Oggi apprendiamo che questa vergogna contro il senso di umanità sarà inasprita per la nostra sicurezza. Sicuri, ma sì, sicuri della vergogna. (dal quotidiano “Avvenire” – Giuseppe Anzani)
La suddetta cinica novità legislativa è passata sotto silenzio nel frastuono politico e culturale di questi strani tempi. Quanto doppiopesismo nelle nostre discussioni pseudo-sociali! Un caso eclatante di violenza dovrebbe indignare e accendere i riflettori su tutto il clima di violenza che pervade la nostra società: purtroppo tutto si tiene e niente è lasciato al caso. Invece su certi tragici episodi scateniamo l’inferno, dimenticando che l’inferno è a portata di mano, è in agguato nella porta accanto e anche più che mai nei posti “maledetti” come le carceri.

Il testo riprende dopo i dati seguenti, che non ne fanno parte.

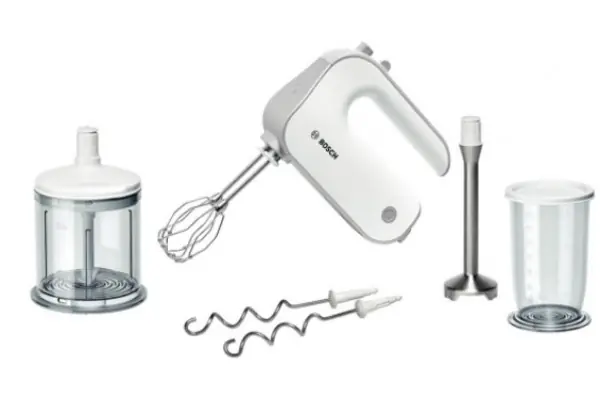 Pago Seguro Batidora Reposteria Bosch Pae Mfq4080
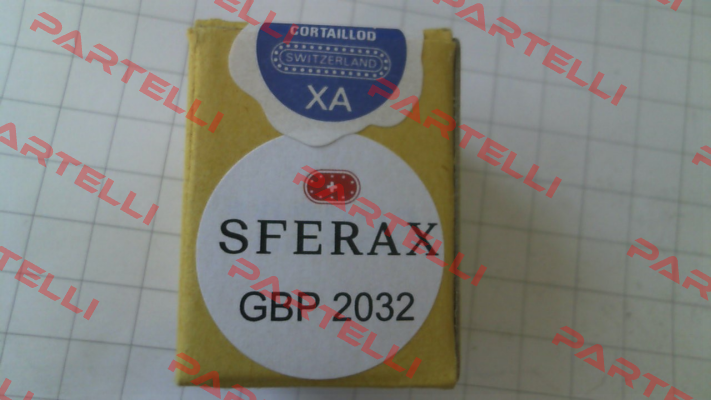 1110.002032.30 Sferax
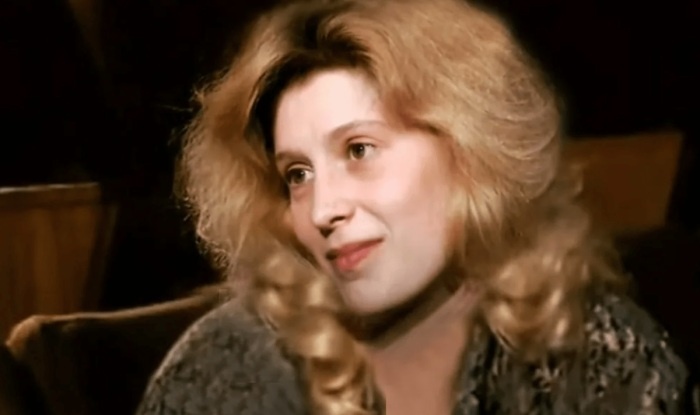 Ирина Метлицкая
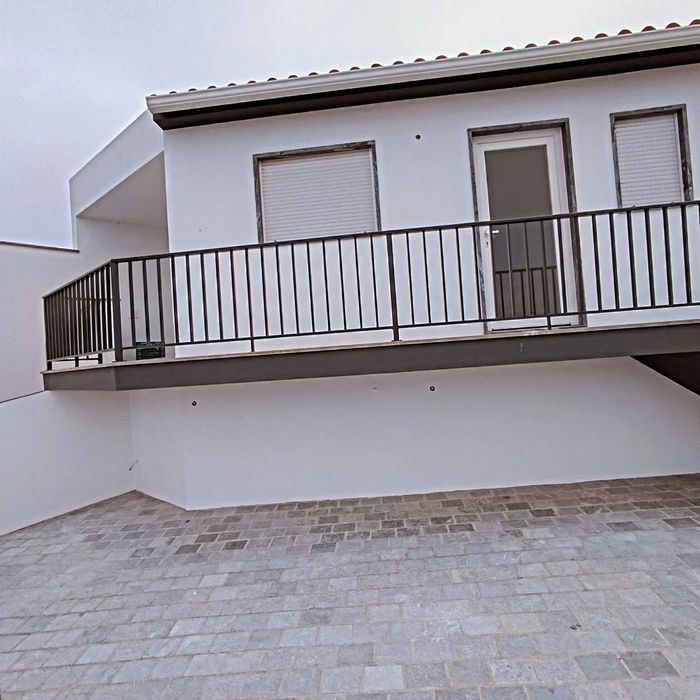 Guardas de varanda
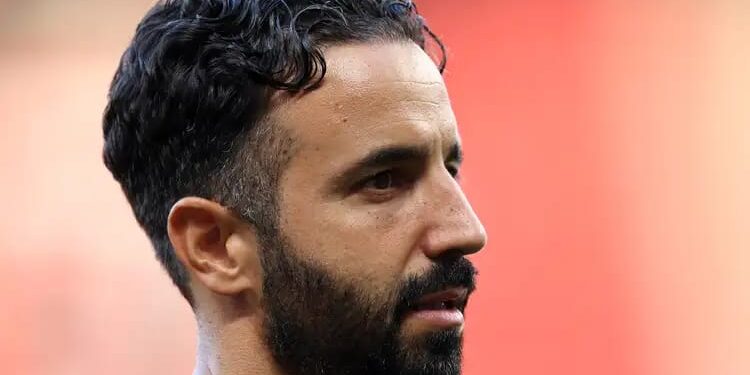 Amorim makes unwanted Premier League history with Arsenal defeat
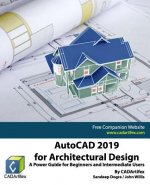 AutoCAD 2019 for Architectural Design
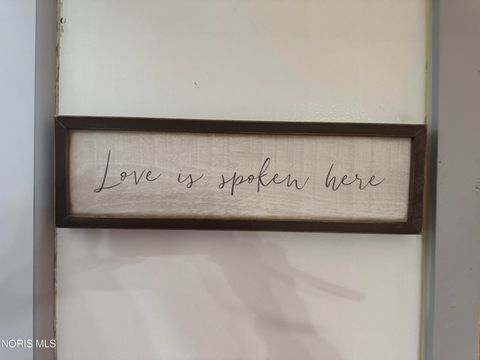 Tiny photo for 24521 Maple Street, Stony Ridge, OH 43463 (MLS # 10006028)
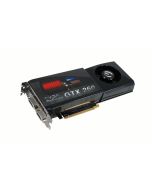 VCE896-P3-1255 EVGA GeForce GTX 260 896MB PCI Express 2.0 DVI Video Graphics Card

Se non abbiamo il coraggio di aprire lo sguardo, rimaniamo vittime di una sorta di strabismo pietistico. Giulia Cecchettin è vittima di una società che semina vittime sulle proprie strade e di cui siamo tutti osservatori troppo spesso distratti, indifferenti e disimpegnati.
Ricordo che mio padre, con la sua solita e sarcastica verve critica, di fronte agli insistenti messaggi statistici sulla morte di un bambino per fame ad ogni nostro respiro, si chiedeva: «E mi alóra co’ dovrissja fär? Lasär lì ‘d tirär al fiè?». Lo diceva forse anche per mettere fine ai pietismi di maniera che non servono a nulla e vanno molto di moda.
Dobbiamo ripartire daccapo mettendo il rispetto per la persona prima di tutto e interrogandoci su quanto singolarmente possiamo fare, a livello di denuncia, ma anche e soprattutto a livello di impegno concreto. Qualcuno penserà che i casi drammatici non sono tutti uguali. É vero, ma è altrettanto vero che tutti hanno diritto di essere attenzionati e considerati.
Di mia madre non sono riuscito a capire come facesse ad interessarsi ai problemi di tutti e ad intervenire in soccorso di tutti quanti erano alla sua potenziale portata. Ho trovato una risposta poetica: aveva un cuore grande, fatto a cellette come un alveare, un posticino preciso e deciso per ognuno, senza interferenze, senza assurde graduatorie, con il massimo dell’attenzione possibile per tutti.
Si tratta di una lezione valida: se non allarghiamo il cuore e non lo strutturiamo a cellette, non ci saltiamo fuori. Possiamo anche piangere, disperarci, protestare, gridare, inveire, ma la situazione non cambierà. Il discorso vale sul piano personale, ma anche dal punto di vista sociale.